By Kareem Chehayeb — middleeasteye.net — The threat that Lebanon’s protest movement would be co-opted by the country’s political elite has loomed large for Lebanese since demonstrations first broke out in October. Those concerns appeared realised on Saturday, as a controversial protest in Beirut’s Martyrs’ Square saw supporters of the Kataeb and Lebanese Forces parties facing off against those of Hezbollah and the Amal Movement. Among the crowd, however, were supporters of a man who wears one of the most prominent names in Lebanon, but who has been noticeably absent from the political scene for years: Bahaa Hariri. As the older brother to Saad Hariri, former prime minister and head of the predominantly Sunni Future Movement, Bahaa has kept out of politics almost entirely since the assassination of his father Rafik Hariri in 2005. Since February, however, the construction business magnate has hinted at an interest in returning to politics through the support of a youth forum led by a former member of his family’s party. His return to visibility raises questions about his relationship with Saad, the younger Hariri’s place as Lebanon’s most prominent Sunni politician, and where the loyalties of Saudi Arabia and the UAE lie.

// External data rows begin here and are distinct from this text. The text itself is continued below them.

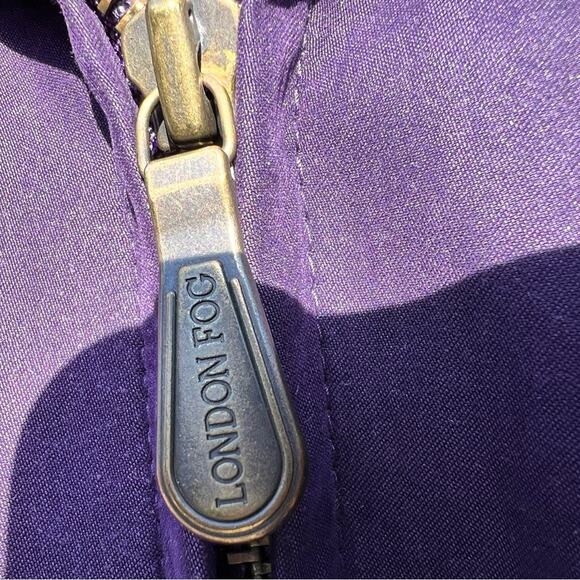 London Fog. Women’s coat, detachable liner and hood.  Small. Adjustable waist. - Picture 16 of 16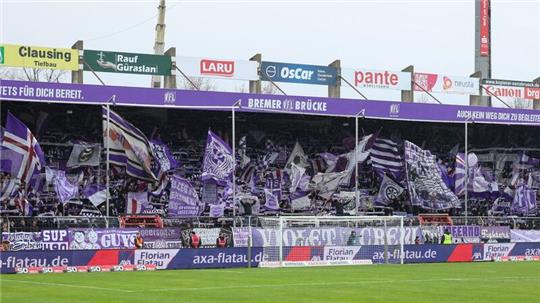 Osnabrücks Fans schwenken ihre Fahnen.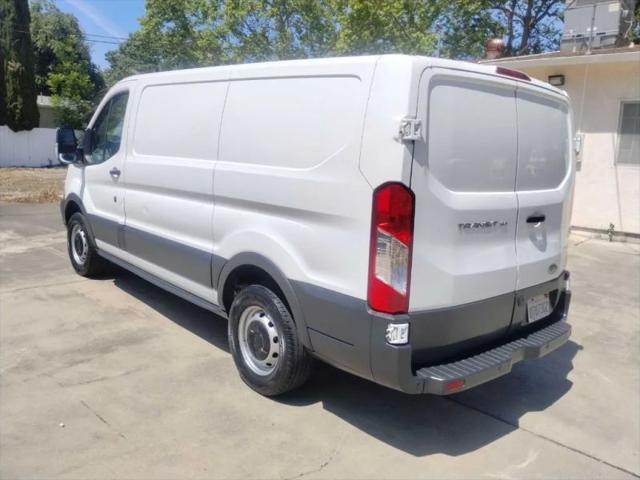 2017 Ford Transit w/Sliding Side Door w/RWB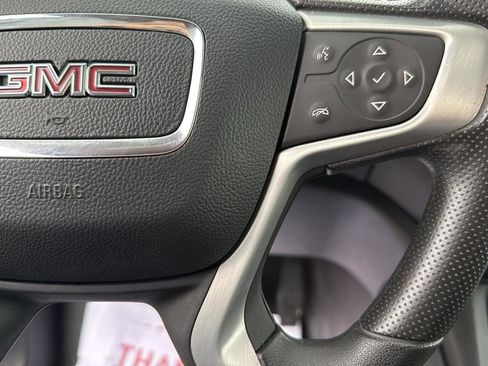 Used 2023 GMC Acadia SLE image 16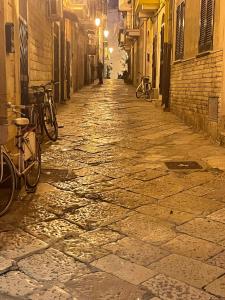 un callejón con bicicletas estacionadas en una calle adoquinada en La Stradina, en Barletta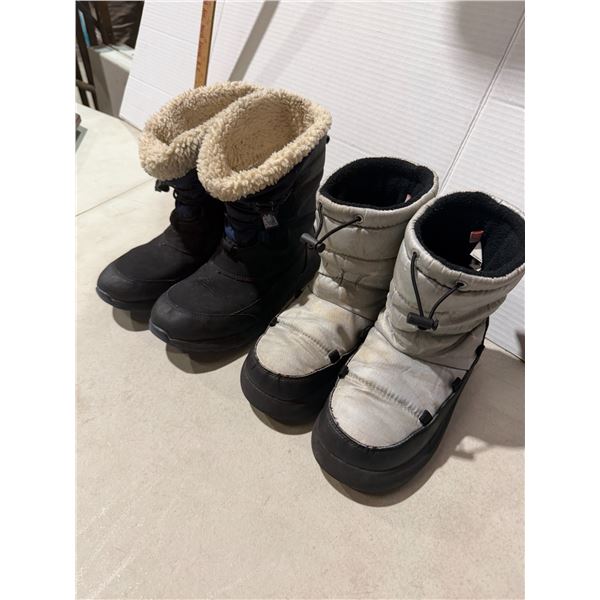 Boots size 3/4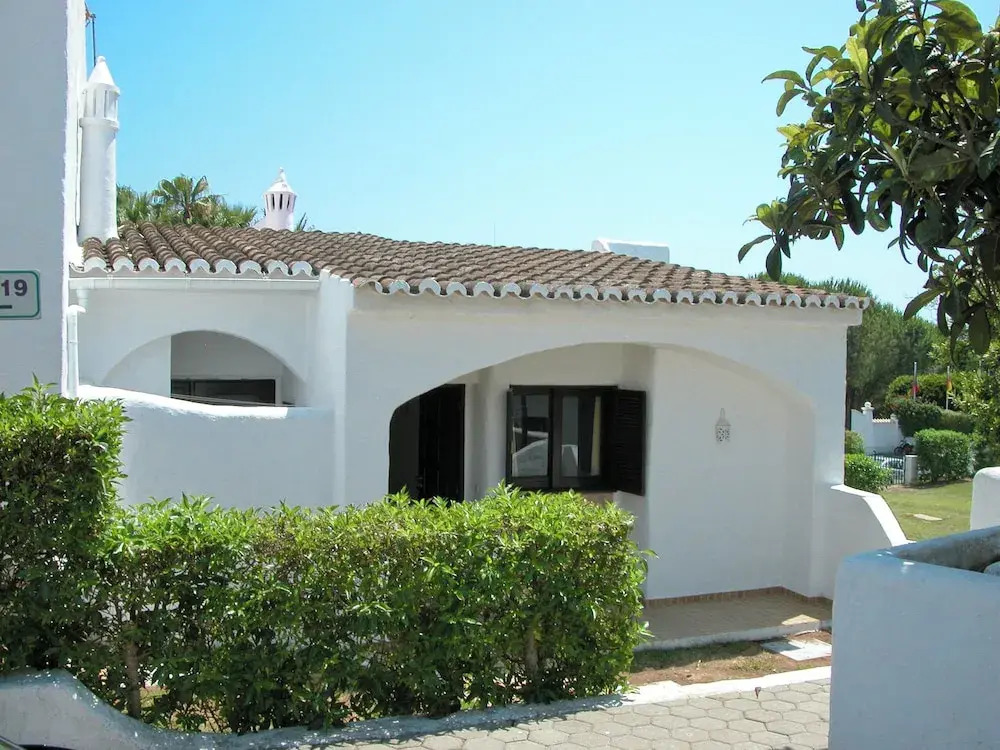 Baiona Club Villa 19 — 4-Star Luxury Hotel in Porches, Portugal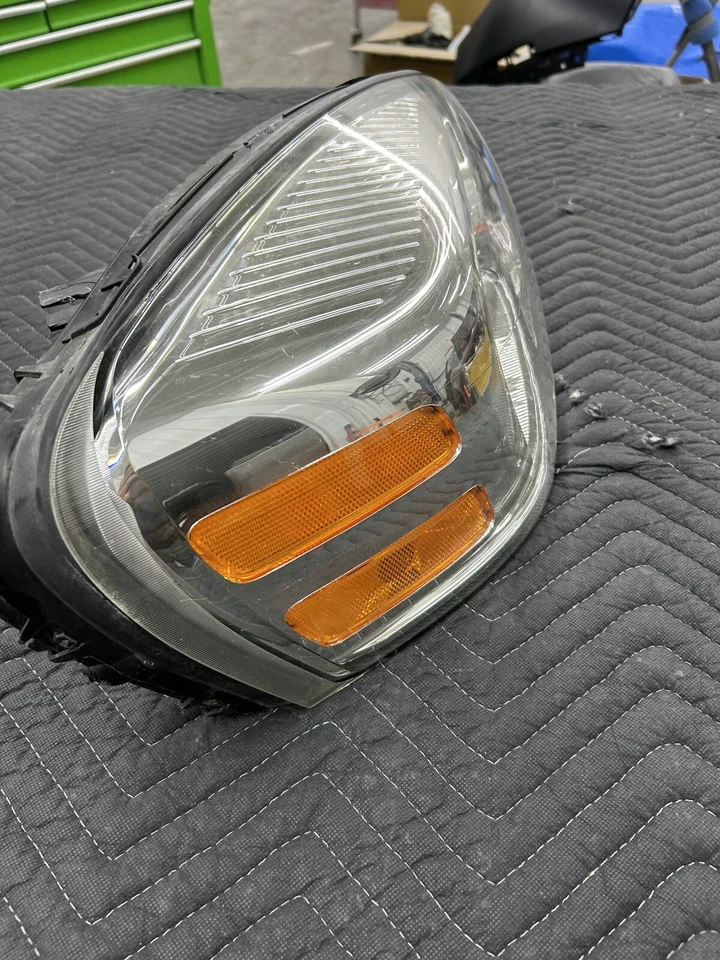 2005 Saturn Relay Front Right Headlight OEM - Image 2 of 4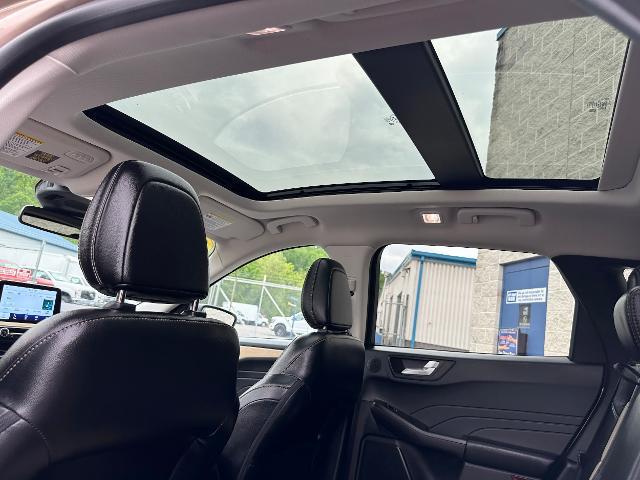 2021 Ford Escape Titanium Hybrid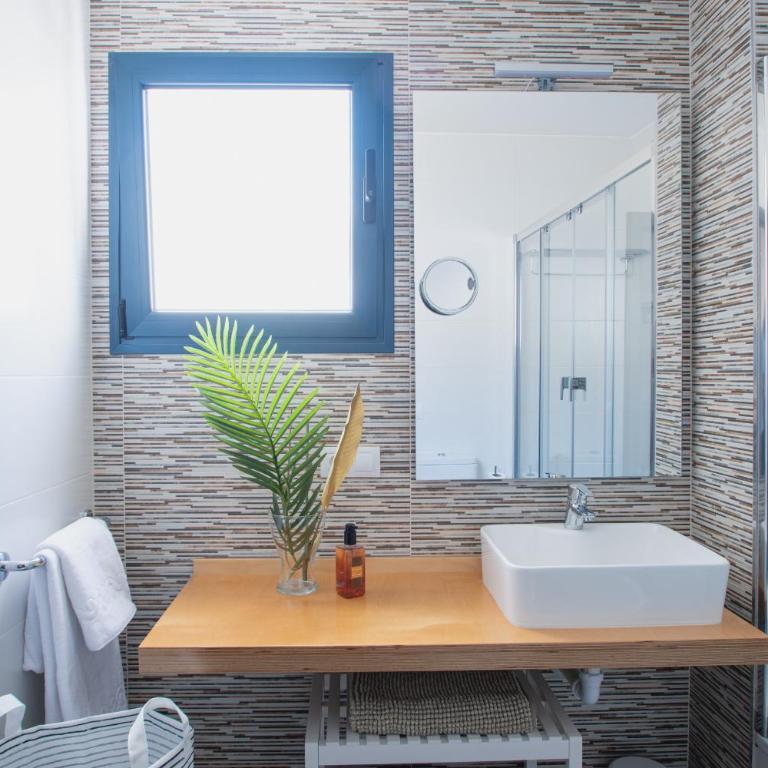 Villa Arosa - Vacation Home - 32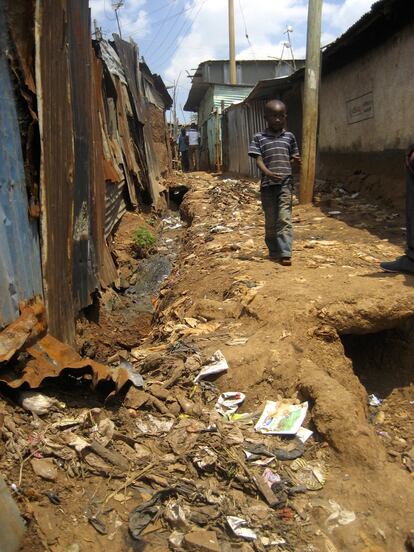 La basura se acumula de forma anárquica en los suburbios de Nairobi. La lluvia y los cursos de agua la llevan al mar.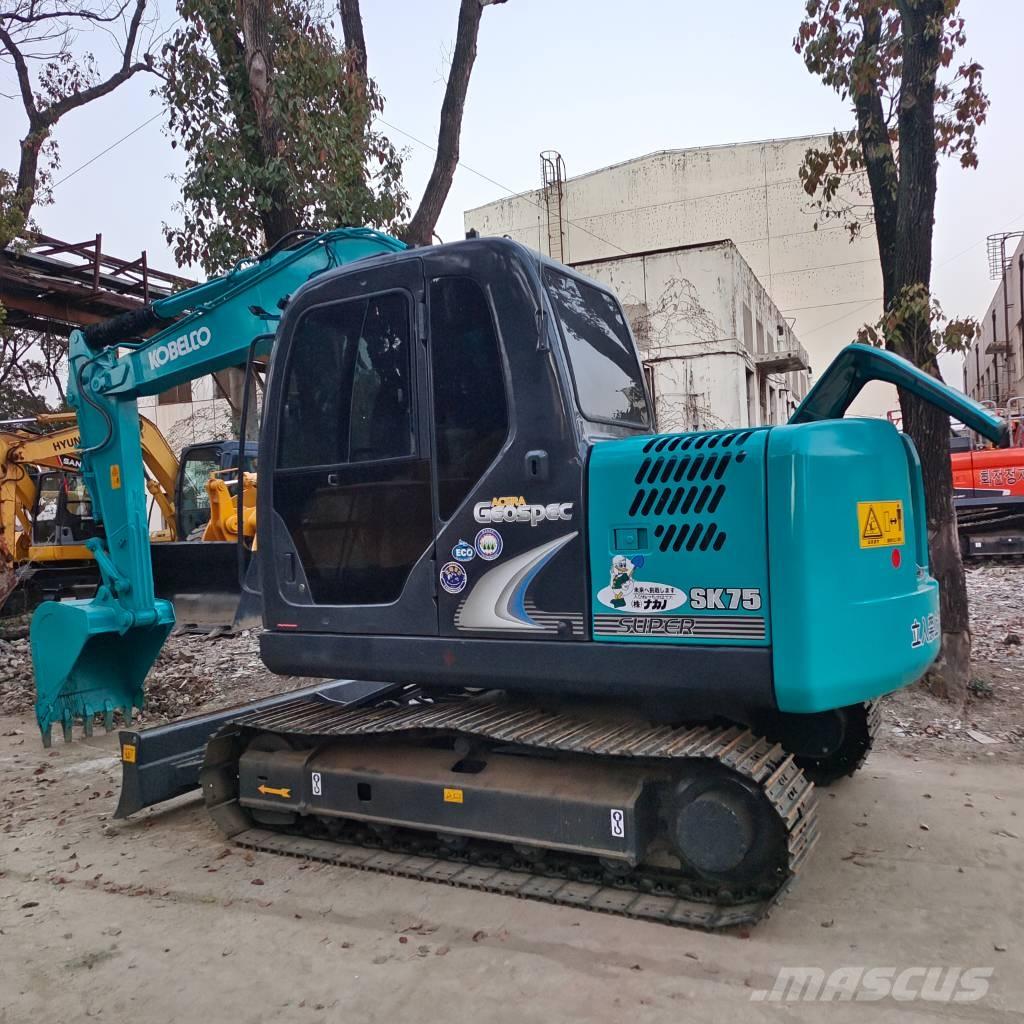 Kobelco SK75 Excavadoras 7t - 12t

Expanding influence Founded in April 2018, the Beirut-based Political Economic Social Forum is self-described as a collective of civil society actors, creating a space for Lebanese youth to discuss pressing issues and policy-based solutions. The project was founded by Nabil el-Halabi, a lawyer and former member of the Saudi Arabia-backed Future Movement, who also heads the Lebanese Institute for Democracy and Human Rights, a group that has focused heavily on abuses towards Syrian refugees and Islamists. However, over the past year the forum has expanded, with offices opening in Tripoli, Akkar, Sidon, and other Lebanese governorates. El-Halabi said that this came with the support of Hariri, someone he says he has known for over a decade. “He isolated himself from political talk and public affairs,” El-Halabi told local television station Al-Jadeed. “Now he has a vision for Lebanon… [but] he has no interest in becoming prime minister … I can confirm that.” El-Halabi has since been acting as a de facto spokesperson for Bahaa Hariri on Lebanese media. On 10 May, he announced that Hariri would be launching his own television station within the next two months.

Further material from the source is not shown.